Directions.
Print exactly those lines that run from the beginning of the data to the line bearing "General Remodeling for", inclusive.

Dataset records.

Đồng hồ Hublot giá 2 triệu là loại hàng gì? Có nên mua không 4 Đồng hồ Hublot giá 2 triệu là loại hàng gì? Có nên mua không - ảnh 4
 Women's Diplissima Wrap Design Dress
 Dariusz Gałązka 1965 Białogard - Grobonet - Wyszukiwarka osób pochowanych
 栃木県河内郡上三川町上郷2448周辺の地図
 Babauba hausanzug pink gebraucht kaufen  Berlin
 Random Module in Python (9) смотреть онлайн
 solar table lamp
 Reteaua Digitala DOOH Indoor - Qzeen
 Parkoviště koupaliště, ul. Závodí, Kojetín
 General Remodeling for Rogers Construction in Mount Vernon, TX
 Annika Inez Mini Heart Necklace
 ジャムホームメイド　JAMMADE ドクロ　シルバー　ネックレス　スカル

Exercise solution.
Đồng hồ Hublot giá 2 triệu là loại hàng gì? Có nên mua không 4 Đồng hồ Hublot giá 2 triệu là loại hàng gì? Có nên mua không - ảnh 4
 Women's Diplissima Wrap Design Dress
 Dariusz Gałązka 1965 Białogard - Grobonet - Wyszukiwarka osób pochowanych
 栃木県河内郡上三川町上郷2448周辺の地図
 Babauba hausanzug pink gebraucht kaufen  Berlin
 Random Module in Python (9) смотреть онлайн
 solar table lamp
 Reteaua Digitala DOOH Indoor - Qzeen
 Parkoviště koupaliště, ul. Závodí, Kojetín
 General Remodeling for Rogers Construction in Mount Vernon, TX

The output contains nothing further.